『井伏鱒二と戦争』(黒古一夫著 彩流社)を書いた動機について、著者はこれまで刊行されてきた井伏鱒二論には、戦争の時代にいかに書してきたかが書かれていないことが気になっていたからだと述べている。
一言でいえば、日中戦争に日本が深入りし始めた時代には軍部に不信感を持っていた人がそれなりにいたのに、日米開戦になるととたんに戦争協力に傾いていった文学者が多い中、井伏鱒二の身の処し方は、まったく時代の波に暑くなることもなく冷静に庶民の暮らしを見つめていたということだろうか。
まあもっとも庶民といっても、すぐに時流に乗りたがるオッチョコチョイも多いのだろうが、井伏鱒二の世界にはあまりそういう人物は現れない。
つまり変な意味での「知識人」もどきが現れない。慎重と言えば慎重な生き方で、時流に流されない生き方がそこにある。
一時、「黒い雨」が盗作であるという話があったが、黒古のこの本によれば、盗作説を主に流していた広島在住だった某歌人の、半分自己宣伝めいた言動が震源地だったようだ。黒古によればこのTという歌人は、現実の被爆者でなければ原爆を文学として表現するべきではないと考えていたようである。そうなると、この人もまた新しい意味で、原爆によってものの見方がゆがんでしまった犠牲者なのかもしれない、などと思った。

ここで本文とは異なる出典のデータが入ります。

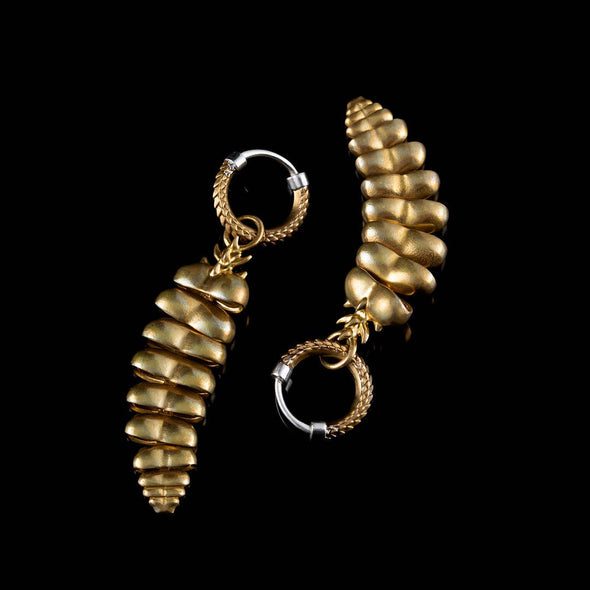 Rattlesnake Tail Earrings: Oxidized Silver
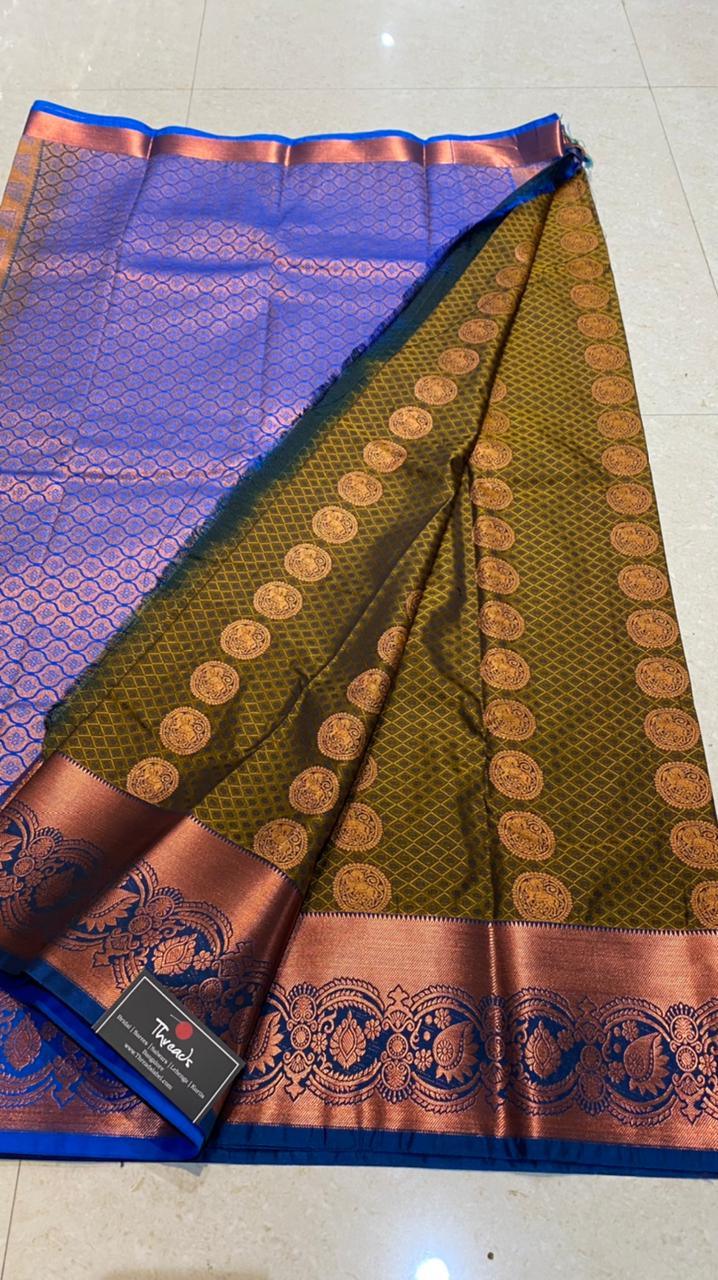 Mehandi green deep blue semi silk saree with blouse - Threads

「黒い雨」の素材になった「重松日記」は今では出版もされているし、そもそも日記の作者が自分のかいたものよりも、井伏がそれを使って創作したほうが世の中に自分の思いが伝わると考えて積極的に提供したのであるから、別になんの問題もないと見るべきだろう。
あと、この本では原爆には反対するが、核の平和利用としての原発には甘かった文学者や評論家のことが書かれている。大江健三郎や小田切秀雄なども1950年代ぐらいまでは、核の平和利用は容認していたことが引用されている。

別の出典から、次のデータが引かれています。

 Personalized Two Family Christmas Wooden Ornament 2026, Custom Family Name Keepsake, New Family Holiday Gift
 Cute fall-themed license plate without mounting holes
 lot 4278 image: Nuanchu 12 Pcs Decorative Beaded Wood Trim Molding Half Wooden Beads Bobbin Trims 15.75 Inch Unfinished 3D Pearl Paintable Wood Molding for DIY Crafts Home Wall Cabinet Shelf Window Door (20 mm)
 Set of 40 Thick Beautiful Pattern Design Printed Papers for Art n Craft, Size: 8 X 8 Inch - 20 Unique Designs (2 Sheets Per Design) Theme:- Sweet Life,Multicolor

加藤哲郎「日本の社会主義」(岩波全書)にも指摘されているが、物理学者の武谷三男が1940年代、50年代前半あたりで盛んに啓蒙主義的な「核の平和利用」推進の評論を書いていたことを思い合わせて、改めて原子力の神話について考えさせられる。
アタクシにしてみれば、もし自分がその時代に生きていれば、ほぼ確実に原子力技術の発展を信じていただろうと思ってしまう。だから、むしろ気になるのは、武谷、大江、小田切といった人々が何をきっかけにして「原爆も原発にも反対」に転じたのか、その辺が知りたいところである。
井伏鱒二は、戦争中の徴用仲間である松本直治が原発技師であった息子を亡くした経験を書いた「原発死 一人息子を奪われた父親の手記」(潮出版)を出版した1978年に、原発への不信感をあらわにした序文を書いたことが、認識の転換点だったようだ。